--- START ---

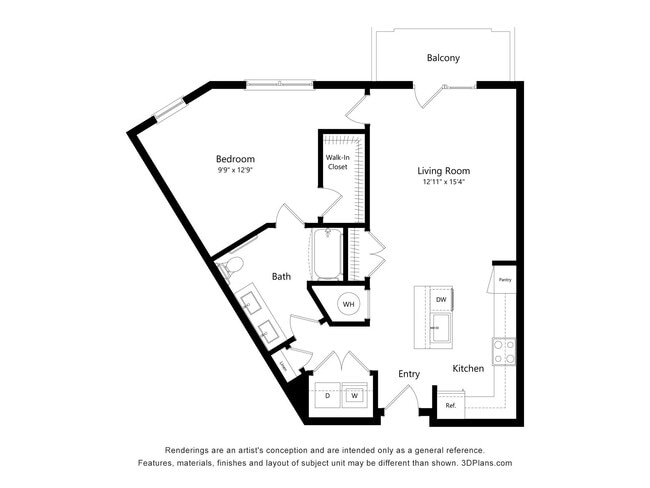 Floorplan - Meridian at Rogers Branch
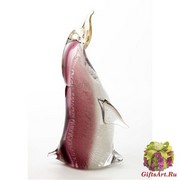 509/С Статуэтка Пингвин (выс. 20см) муранское стекло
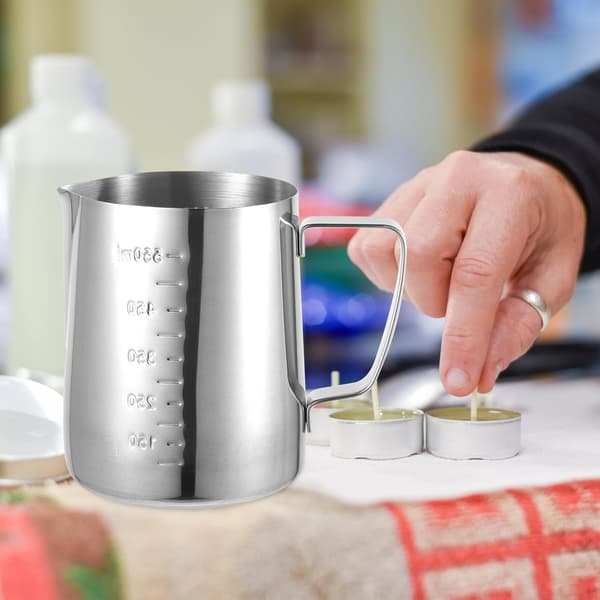 Stor 600 ml smeltedigel for stearinlys DIY voks smelterkanne Varmebestandig duftlys-kopp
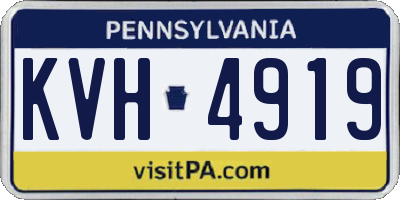 PA license plate KVH4919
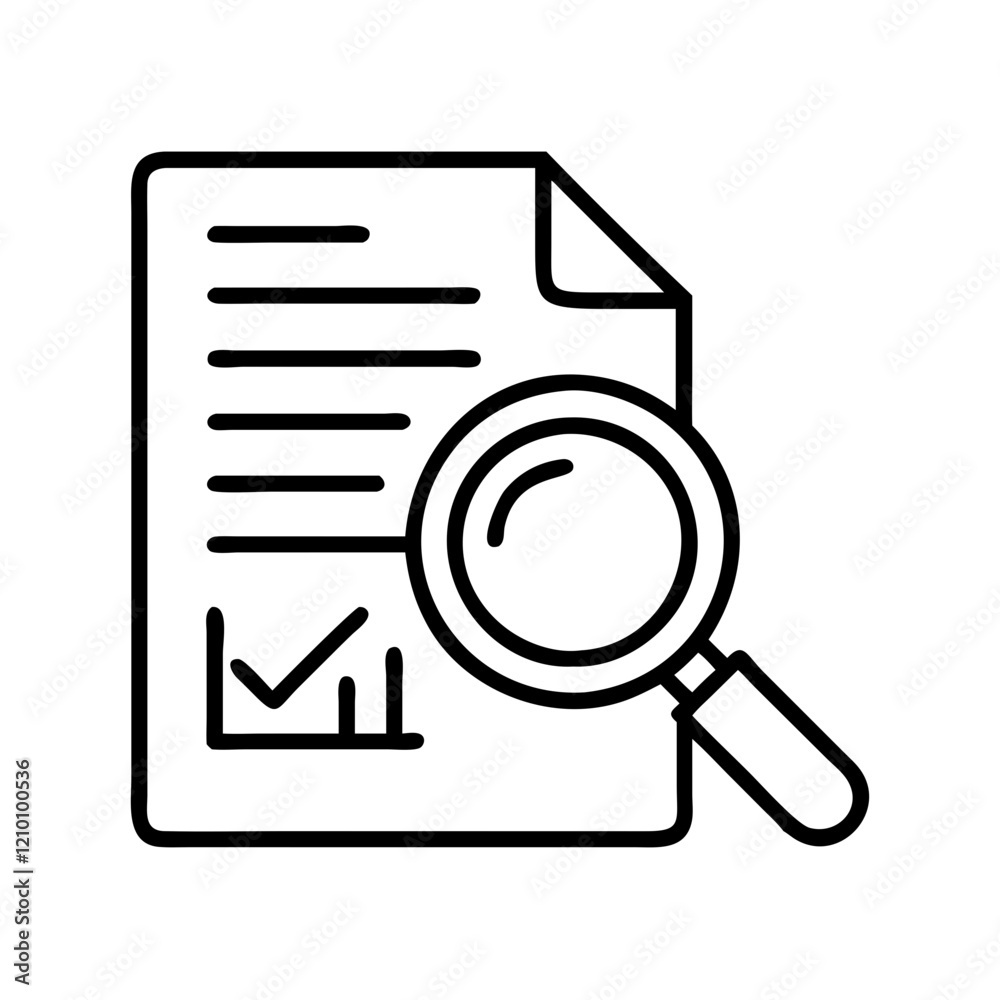 audit icon, audit line art - simple line art of audit, perfect for audit logos and icons audit icon, audit line art - simple line art of audit, perfect for audit logos and icons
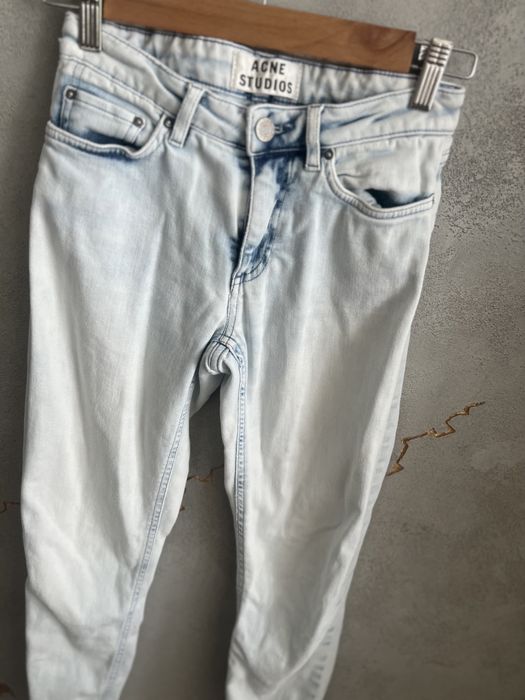 Jeansy spodnie dżinsy efekt sprania Acne Studios XS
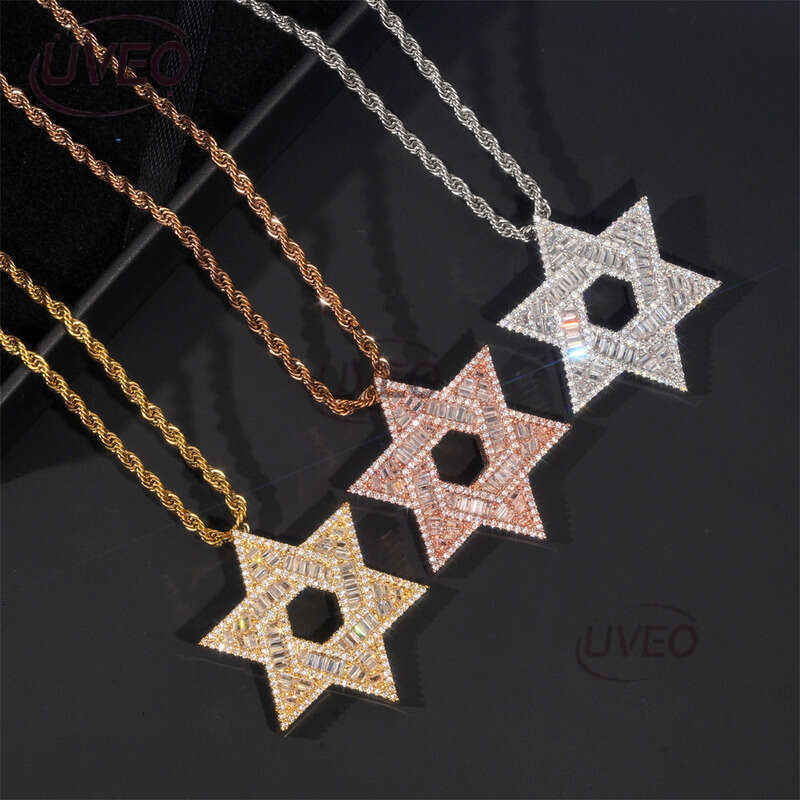 925 Gold Sterling Silver Iced Out VVS Jewelry Moissanite Cuban Chain Hip Hop Pass Diamond Tester Pendant Cuban Link Chains Women Gift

--- END ---

### EXERCISE OBJECTIVE:
Reproduce the listing exactly. Leave its pictures out.

### PROBLEM SOLUTION:
 Floorplan - Meridian at Rogers Branch
 509/С Статуэтка Пингвин (выс. 20см) муранское стекло
 Stor 600 ml smeltedigel for stearinlys DIY voks smelterkanne Varmebestandig duftlys-kopp
 PA license plate KVH4919
 audit icon, audit line art - simple line art of audit, perfect for audit logos and icons audit icon, audit line art - simple line art of audit, perfect for audit logos and icons
 Jeansy spodnie dżinsy efekt sprania Acne Studios XS
 925 Gold Sterling Silver Iced Out VVS Jewelry Moissanite Cuban Chain Hip Hop Pass Diamond Tester Pendant Cuban Link Chains Women Gift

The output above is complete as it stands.